Timothy Ray Brown, a resident of San Francisco Bay Area, is possibly the first ever person to be fully cured of the incurable HIV-AIDS disease, according to scientific journal Blood.

Timothy Ray Brown was tested positive for HIV around 15 years ago when he was around the age of 30. He later found out that he was also diagnosed with Leukemia. When he was still in Germany in 2007, doctors used bone marrow stem cell transplant as a method of curing his Leukemia and neither HIV nor Leukemia has been traced on him since 2008.

I quit taking my HIV medication the day that I got the transplant and haven’t had to take any since, said Brown, who is known as 'The Berlin Patient' in medical circles.

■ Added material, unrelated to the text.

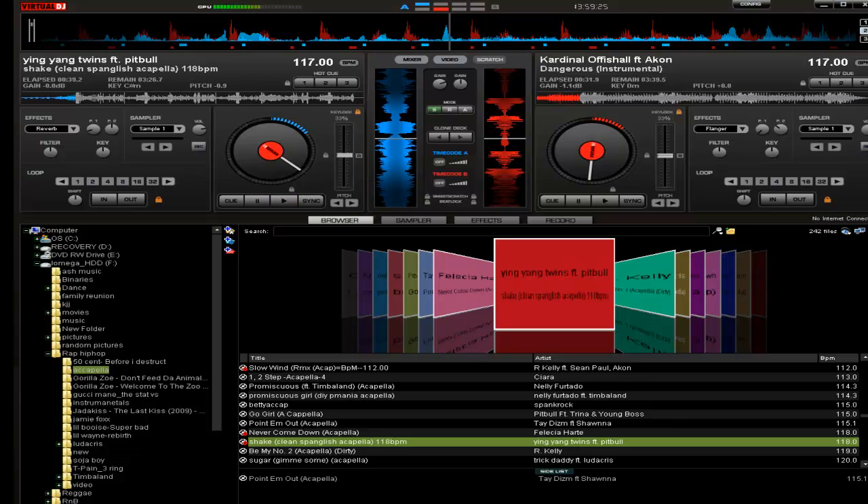That's how you mix an instrumental with an acapella. Look out for another tutorial — alright guys, later.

Brown received the stem cells from a person who is apparently immune to HIV, a character that only about 1 percent of Caucasians have. Dr. Jay Levi, a leading researcher in the field of HIV-AIDS at University of California-San Franciso (UCSF), has called this a functional cure.

If you're able to take the white cells from someone and manipulate them so they're no longer infected, or infectable, no longer infectable by HIV, and those white cells become the whole immune system of that individual, you've got essentially a functional cure, said Levy.

Although the researchers this a productive area to study, they warned people not to get too excited just yet, because it is not something that can be generalized.

You don't want to go out and get a bone marrow transplant because transplants themselves carry a real risk of mortality, said Dr. Paul Volberding, another researcher at UCSF.

Volberding added, one element of his treatment, and we don’t know which, apparently allowed the virus to be purged from his body.